On any given evening, a cluster of artists, writers, scientists, politicians, and intellectuals, Jew and gentile alike, gathered around the Kuczynski dining table. Precisely where Robert stood in Germany’s bewildering political kaleidoscope was both debatable and variable. His views ranged from left of center to far left, but Robert was slightly too elevated a figure, in his own mind, to be tied down by mere party labels. As Rathenau waspishly observed: “Kuczynski always forms a one-man party and then situates himself on its left wing.” For sixteen years he held the post of director of the Statistical Office in the borough of Berlin-Schöneberg, a light burden that left plenty of time for producing academic papers, writing articles for left-wing newspapers, and participating in socially progressive campaigns, notably to improve living conditions in Berlin’s slums (which he may or may not have visited).
Ursula Maria was the second of Robert and Berta’s six children. The first, born three years before her in 1904, was Jürgen, the only boy of the brood. Four sisters would follow Ursula: Brigitte (1910), Barbara (1913), Sabine (1919), and Renate (1923). Brigitte was Ursula’s favorite sister, the closest to her in age and politics. There was never any doubt that the male child stood foremost in rank: Jürgen was precocious, clever, highly opinionated, spoiled rotten, and relentlessly patronizing to his younger sisters. He was Ursula’s confidant and unstated rival. Describing him as “the best and cleverest person I know,” she adored and resented Jürgen in equal measure. In 1913, on the eve of the First World War, the Kuczynskis moved into a large villa on Schlachtensee lake in the exclusive Berlin suburb of Zehlendorf, on the edge of the Grunewald forest. The property, still standing today, was built on land bequeathed by Berta’s father. Its spacious grounds swept down to the water, with an orchard, woodland, and a hen coop. An extension was added to accommodate Robert’s library.
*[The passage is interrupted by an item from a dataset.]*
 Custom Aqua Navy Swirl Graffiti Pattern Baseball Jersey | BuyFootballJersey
The Kuczynskis employed a cook, a gardener, two more house servants, and, most important, a nanny. Olga Muth, known as Ollo, was more than just a member of the family. She was its bedrock, providing dull, daily stability, strict rules, and limitless affection. The daughter of a sailor in the kaiser’s fleet, Ollo had been orphaned at the age of six and brought up in a Prussian military orphanage, a place of indescribable brutality that left her with a damaged soul, a large heart, and a firm sense of discipline. A bustling, energetic, sharp-tongued woman, Ollo was thirty in 1911 when she began work as a nursemaid in the Kuczynski household.
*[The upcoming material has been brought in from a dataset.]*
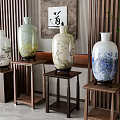 Traditional Ceramic Vases With Decorative Designs On Wooden Stands For Interior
Ollo understood children far better than Berta, and had perfected techniques for reminding her of this: the nanny waged a quiet war against Frau Kuczynski, punctuated by furious rows during which she usually stormed out, always to return. Ursula was Ollo’s favorite. The girl feared the dark, and while the dinner parties were in full swing downstairs, Muth’s gentle lullabies soothed her to sleep. Years later, Ursula came to realize that Ollo’s love was partly motivated by a “partisanship with me against mother, in that silent, jealous struggle.” Ursula was a gawky child, inquisitive and restless in a way her mother found perfectly exhausting, with a shock of dark, wiry hair.
“Unruly as horsehair,” Ollo would mutter, brushing ferociously. Hers was an idyllic childhood, swimming in the lake, gathering eggs, playing hide-and-seek among the rowanberry bushes. Part of each summer was spent in Ahrenshoop on the Baltic coast in the holiday home of her aunt Alice, Robert’s sister. Ursula was seven when the First World War broke out. “Today there are no more differences between us, today we are all Germans who defend the fatherland,” her school headmaster announced. Robert enlisted in the Prussian Guards, but at thirty-seven was too old for active service and instead spent the war calculating Germany’s nutritional requirements. Like many Jews, Alice’s husband, Georg Dorpalen, fought bravely on the Western Front, returning with a patriotic wound and an Iron Cross.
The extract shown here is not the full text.